→ **Work to complete**
Give back all the records below, unaltered.

→ **Data for processing**
== == ==

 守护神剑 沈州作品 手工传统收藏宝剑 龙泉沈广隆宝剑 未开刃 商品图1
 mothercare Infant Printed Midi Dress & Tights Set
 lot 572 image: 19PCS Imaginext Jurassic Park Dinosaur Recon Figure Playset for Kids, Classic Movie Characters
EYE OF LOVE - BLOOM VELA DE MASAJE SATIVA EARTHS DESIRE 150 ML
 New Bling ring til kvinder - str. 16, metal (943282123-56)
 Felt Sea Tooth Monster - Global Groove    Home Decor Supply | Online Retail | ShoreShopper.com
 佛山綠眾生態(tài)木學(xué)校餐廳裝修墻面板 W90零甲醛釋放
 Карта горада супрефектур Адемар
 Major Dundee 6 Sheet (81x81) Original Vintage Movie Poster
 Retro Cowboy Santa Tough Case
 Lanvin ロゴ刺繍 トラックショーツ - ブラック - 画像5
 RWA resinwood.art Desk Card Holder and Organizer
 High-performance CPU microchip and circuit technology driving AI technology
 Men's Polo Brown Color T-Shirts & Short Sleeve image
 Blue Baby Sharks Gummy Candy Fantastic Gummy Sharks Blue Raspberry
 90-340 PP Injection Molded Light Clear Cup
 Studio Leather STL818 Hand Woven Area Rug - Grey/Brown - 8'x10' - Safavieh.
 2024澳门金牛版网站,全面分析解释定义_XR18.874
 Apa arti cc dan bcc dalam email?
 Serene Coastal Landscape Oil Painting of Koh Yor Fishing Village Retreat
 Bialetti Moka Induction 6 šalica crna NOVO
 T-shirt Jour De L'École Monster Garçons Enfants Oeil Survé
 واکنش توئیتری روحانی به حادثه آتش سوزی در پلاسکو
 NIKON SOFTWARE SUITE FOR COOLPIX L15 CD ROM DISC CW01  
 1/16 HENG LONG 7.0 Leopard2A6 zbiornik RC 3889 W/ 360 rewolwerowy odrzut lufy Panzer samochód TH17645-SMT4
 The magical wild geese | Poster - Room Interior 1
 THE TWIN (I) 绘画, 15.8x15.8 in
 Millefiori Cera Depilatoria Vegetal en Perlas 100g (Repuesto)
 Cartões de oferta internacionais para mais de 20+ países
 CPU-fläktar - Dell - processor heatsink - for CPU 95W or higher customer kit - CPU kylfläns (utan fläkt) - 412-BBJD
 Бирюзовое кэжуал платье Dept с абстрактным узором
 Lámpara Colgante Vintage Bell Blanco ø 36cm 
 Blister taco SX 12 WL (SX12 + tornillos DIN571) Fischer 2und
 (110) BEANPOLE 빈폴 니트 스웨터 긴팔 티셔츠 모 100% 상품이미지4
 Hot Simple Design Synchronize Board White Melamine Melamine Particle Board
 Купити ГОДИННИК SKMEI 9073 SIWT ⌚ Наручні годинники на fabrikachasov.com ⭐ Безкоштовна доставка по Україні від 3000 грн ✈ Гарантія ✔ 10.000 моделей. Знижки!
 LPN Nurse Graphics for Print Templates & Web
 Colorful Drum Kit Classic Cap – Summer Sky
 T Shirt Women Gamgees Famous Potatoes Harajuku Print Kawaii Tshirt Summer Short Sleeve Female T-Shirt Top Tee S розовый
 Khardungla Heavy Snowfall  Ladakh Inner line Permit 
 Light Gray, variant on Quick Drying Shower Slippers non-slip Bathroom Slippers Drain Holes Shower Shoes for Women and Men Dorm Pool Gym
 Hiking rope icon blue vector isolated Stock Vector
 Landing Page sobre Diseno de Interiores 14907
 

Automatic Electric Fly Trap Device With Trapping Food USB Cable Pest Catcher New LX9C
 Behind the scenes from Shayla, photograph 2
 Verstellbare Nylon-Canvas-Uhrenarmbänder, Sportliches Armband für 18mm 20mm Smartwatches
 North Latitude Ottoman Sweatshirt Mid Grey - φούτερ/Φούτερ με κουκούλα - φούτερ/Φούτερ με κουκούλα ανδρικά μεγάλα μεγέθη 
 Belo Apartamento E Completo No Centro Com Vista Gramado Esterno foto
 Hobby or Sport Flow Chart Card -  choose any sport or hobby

== == ==

→ **Exercise solution**
 守护神剑 沈州作品 手工传统收藏宝剑 龙泉沈广隆宝剑 未开刃 商品图1
 mothercare Infant Printed Midi Dress & Tights Set
 lot 572 image: 19PCS Imaginext Jurassic Park Dinosaur Recon Figure Playset for Kids, Classic Movie Characters
EYE OF LOVE - BLOOM VELA DE MASAJE SATIVA EARTHS DESIRE 150 ML
 New Bling ring til kvinder - str. 16, metal (943282123-56)
 Felt Sea Tooth Monster - Global Groove    Home Decor Supply | Online Retail | ShoreShopper.com
 佛山綠眾生態(tài)木學(xué)校餐廳裝修墻面板 W90零甲醛釋放
 Карта горада супрефектур Адемар
 Major Dundee 6 Sheet (81x81) Original Vintage Movie Poster
 Retro Cowboy Santa Tough Case
 Lanvin ロゴ刺繍 トラックショーツ - ブラック - 画像5
 RWA resinwood.art Desk Card Holder and Organizer
 High-performance CPU microchip and circuit technology driving AI technology
 Men's Polo Brown Color T-Shirts & Short Sleeve image
 Blue Baby Sharks Gummy Candy Fantastic Gummy Sharks Blue Raspberry
 90-340 PP Injection Molded Light Clear Cup
 Studio Leather STL818 Hand Woven Area Rug - Grey/Brown - 8'x10' - Safavieh.
 2024澳门金牛版网站,全面分析解释定义_XR18.874
 Apa arti cc dan bcc dalam email?
 Serene Coastal Landscape Oil Painting of Koh Yor Fishing Village Retreat
 Bialetti Moka Induction 6 šalica crna NOVO
 T-shirt Jour De L'École Monster Garçons Enfants Oeil Survé
 واکنش توئیتری روحانی به حادثه آتش سوزی در پلاسکو
 NIKON SOFTWARE SUITE FOR COOLPIX L15 CD ROM DISC CW01  
 1/16 HENG LONG 7.0 Leopard2A6 zbiornik RC 3889 W/ 360 rewolwerowy odrzut lufy Panzer samochód TH17645-SMT4
 The magical wild geese | Poster - Room Interior 1
 THE TWIN (I) 绘画, 15.8x15.8 in
 Millefiori Cera Depilatoria Vegetal en Perlas 100g (Repuesto)
 Cartões de oferta internacionais para mais de 20+ países
 CPU-fläktar - Dell - processor heatsink - for CPU 95W or higher customer kit - CPU kylfläns (utan fläkt) - 412-BBJD
 Бирюзовое кэжуал платье Dept с абстрактным узором
 Lámpara Colgante Vintage Bell Blanco ø 36cm 
 Blister taco SX 12 WL (SX12 + tornillos DIN571) Fischer 2und
 (110) BEANPOLE 빈폴 니트 스웨터 긴팔 티셔츠 모 100% 상품이미지4
 Hot Simple Design Synchronize Board White Melamine Melamine Particle Board
 Купити ГОДИННИК SKMEI 9073 SIWT ⌚ Наручні годинники на fabrikachasov.com ⭐ Безкоштовна доставка по Україні від 3000 грн ✈ Гарантія ✔ 10.000 моделей. Знижки!
 LPN Nurse Graphics for Print Templates & Web
 Colorful Drum Kit Classic Cap – Summer Sky
 T Shirt Women Gamgees Famous Potatoes Harajuku Print Kawaii Tshirt Summer Short Sleeve Female T-Shirt Top Tee S розовый
 Khardungla Heavy Snowfall  Ladakh Inner line Permit 
 Light Gray, variant on Quick Drying Shower Slippers non-slip Bathroom Slippers Drain Holes Shower Shoes for Women and Men Dorm Pool Gym
 Hiking rope icon blue vector isolated Stock Vector
 Landing Page sobre Diseno de Interiores 14907
 

Automatic Electric Fly Trap Device With Trapping Food USB Cable Pest Catcher New LX9C
 Behind the scenes from Shayla, photograph 2
 Verstellbare Nylon-Canvas-Uhrenarmbänder, Sportliches Armband für 18mm 20mm Smartwatches
 North Latitude Ottoman Sweatshirt Mid Grey - φούτερ/Φούτερ με κουκούλα - φούτερ/Φούτερ με κουκούλα ανδρικά μεγάλα μεγέθη 
 Belo Apartamento E Completo No Centro Com Vista Gramado Esterno foto
 Hobby or Sport Flow Chart Card -  choose any sport or hobby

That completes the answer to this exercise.